### INSTRUCTIONS FOR THE TASK
Print each record exactly, with no word added or removed.

PROVIDED RECORDS Block Start

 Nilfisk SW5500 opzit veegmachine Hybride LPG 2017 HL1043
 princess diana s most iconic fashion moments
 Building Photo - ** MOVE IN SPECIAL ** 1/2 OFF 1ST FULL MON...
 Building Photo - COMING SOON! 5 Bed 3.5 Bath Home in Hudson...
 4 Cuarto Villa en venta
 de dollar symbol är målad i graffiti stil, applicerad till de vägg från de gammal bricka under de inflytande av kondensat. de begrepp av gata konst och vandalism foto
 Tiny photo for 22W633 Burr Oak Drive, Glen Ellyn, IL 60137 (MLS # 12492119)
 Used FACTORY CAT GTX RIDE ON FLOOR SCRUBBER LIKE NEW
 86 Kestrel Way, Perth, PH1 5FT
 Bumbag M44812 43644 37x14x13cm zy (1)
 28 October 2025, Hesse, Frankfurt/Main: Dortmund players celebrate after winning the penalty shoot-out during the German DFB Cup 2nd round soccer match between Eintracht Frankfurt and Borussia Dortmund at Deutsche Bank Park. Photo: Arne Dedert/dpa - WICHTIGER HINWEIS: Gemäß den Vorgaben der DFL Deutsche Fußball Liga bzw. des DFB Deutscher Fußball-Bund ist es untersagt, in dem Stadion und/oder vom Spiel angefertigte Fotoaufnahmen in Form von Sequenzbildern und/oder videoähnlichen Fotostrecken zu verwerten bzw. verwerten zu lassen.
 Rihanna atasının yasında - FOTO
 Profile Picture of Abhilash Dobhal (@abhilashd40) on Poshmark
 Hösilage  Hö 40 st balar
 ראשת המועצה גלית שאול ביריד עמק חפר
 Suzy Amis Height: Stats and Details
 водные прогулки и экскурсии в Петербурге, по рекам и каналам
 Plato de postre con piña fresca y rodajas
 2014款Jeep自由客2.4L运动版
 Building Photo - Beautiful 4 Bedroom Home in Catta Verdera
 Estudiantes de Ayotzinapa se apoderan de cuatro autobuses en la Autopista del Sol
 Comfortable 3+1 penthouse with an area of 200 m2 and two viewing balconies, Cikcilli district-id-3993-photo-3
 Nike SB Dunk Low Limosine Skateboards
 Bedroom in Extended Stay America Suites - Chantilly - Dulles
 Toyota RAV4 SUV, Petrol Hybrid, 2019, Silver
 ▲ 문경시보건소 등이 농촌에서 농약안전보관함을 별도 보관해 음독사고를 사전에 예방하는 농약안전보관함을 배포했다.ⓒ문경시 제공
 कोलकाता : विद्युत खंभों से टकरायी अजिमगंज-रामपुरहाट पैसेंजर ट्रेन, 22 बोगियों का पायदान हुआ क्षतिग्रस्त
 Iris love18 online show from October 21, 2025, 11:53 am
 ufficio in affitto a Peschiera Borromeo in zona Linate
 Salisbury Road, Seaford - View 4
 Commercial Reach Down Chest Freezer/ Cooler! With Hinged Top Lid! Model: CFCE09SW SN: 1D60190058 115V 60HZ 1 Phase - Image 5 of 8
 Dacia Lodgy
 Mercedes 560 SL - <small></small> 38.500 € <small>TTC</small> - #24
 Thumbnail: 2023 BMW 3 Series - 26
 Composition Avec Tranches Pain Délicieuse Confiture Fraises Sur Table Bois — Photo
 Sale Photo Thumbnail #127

PROVIDED RECORDS Block End

### WRITTEN SOLUTION
 Nilfisk SW5500 opzit veegmachine Hybride LPG 2017 HL1043
 princess diana s most iconic fashion moments
 Building Photo - ** MOVE IN SPECIAL ** 1/2 OFF 1ST FULL MON...
 Building Photo - COMING SOON! 5 Bed 3.5 Bath Home in Hudson...
 4 Cuarto Villa en venta
 de dollar symbol är målad i graffiti stil, applicerad till de vägg från de gammal bricka under de inflytande av kondensat. de begrepp av gata konst och vandalism foto
 Tiny photo for 22W633 Burr Oak Drive, Glen Ellyn, IL 60137 (MLS # 12492119)
 Used FACTORY CAT GTX RIDE ON FLOOR SCRUBBER LIKE NEW
 86 Kestrel Way, Perth, PH1 5FT
 Bumbag M44812 43644 37x14x13cm zy (1)
 28 October 2025, Hesse, Frankfurt/Main: Dortmund players celebrate after winning the penalty shoot-out during the German DFB Cup 2nd round soccer match between Eintracht Frankfurt and Borussia Dortmund at Deutsche Bank Park. Photo: Arne Dedert/dpa - WICHTIGER HINWEIS: Gemäß den Vorgaben der DFL Deutsche Fußball Liga bzw. des DFB Deutscher Fußball-Bund ist es untersagt, in dem Stadion und/oder vom Spiel angefertigte Fotoaufnahmen in Form von Sequenzbildern und/oder videoähnlichen Fotostrecken zu verwerten bzw. verwerten zu lassen.
 Rihanna atasının yasında - FOTO
 Profile Picture of Abhilash Dobhal (@abhilashd40) on Poshmark
 Hösilage  Hö 40 st balar
 ראשת המועצה גלית שאול ביריד עמק חפר
 Suzy Amis Height: Stats and Details
 водные прогулки и экскурсии в Петербурге, по рекам и каналам
 Plato de postre con piña fresca y rodajas
 2014款Jeep自由客2.4L运动版
 Building Photo - Beautiful 4 Bedroom Home in Catta Verdera
 Estudiantes de Ayotzinapa se apoderan de cuatro autobuses en la Autopista del Sol
 Comfortable 3+1 penthouse with an area of 200 m2 and two viewing balconies, Cikcilli district-id-3993-photo-3
 Nike SB Dunk Low Limosine Skateboards
 Bedroom in Extended Stay America Suites - Chantilly - Dulles
 Toyota RAV4 SUV, Petrol Hybrid, 2019, Silver
 ▲ 문경시보건소 등이 농촌에서 농약안전보관함을 별도 보관해 음독사고를 사전에 예방하는 농약안전보관함을 배포했다.ⓒ문경시 제공
 कोलकाता : विद्युत खंभों से टकरायी अजिमगंज-रामपुरहाट पैसेंजर ट्रेन, 22 बोगियों का पायदान हुआ क्षतिग्रस्त
 Iris love18 online show from October 21, 2025, 11:53 am
 ufficio in affitto a Peschiera Borromeo in zona Linate
 Salisbury Road, Seaford - View 4
 Commercial Reach Down Chest Freezer/ Cooler! With Hinged Top Lid! Model: CFCE09SW SN: 1D60190058 115V 60HZ 1 Phase - Image 5 of 8
 Dacia Lodgy
 Mercedes 560 SL - <small></small> 38.500 € <small>TTC</small> - #24
 Thumbnail: 2023 BMW 3 Series - 26
 Composition Avec Tranches Pain Délicieuse Confiture Fraises Sur Table Bois — Photo
 Sale Photo Thumbnail #127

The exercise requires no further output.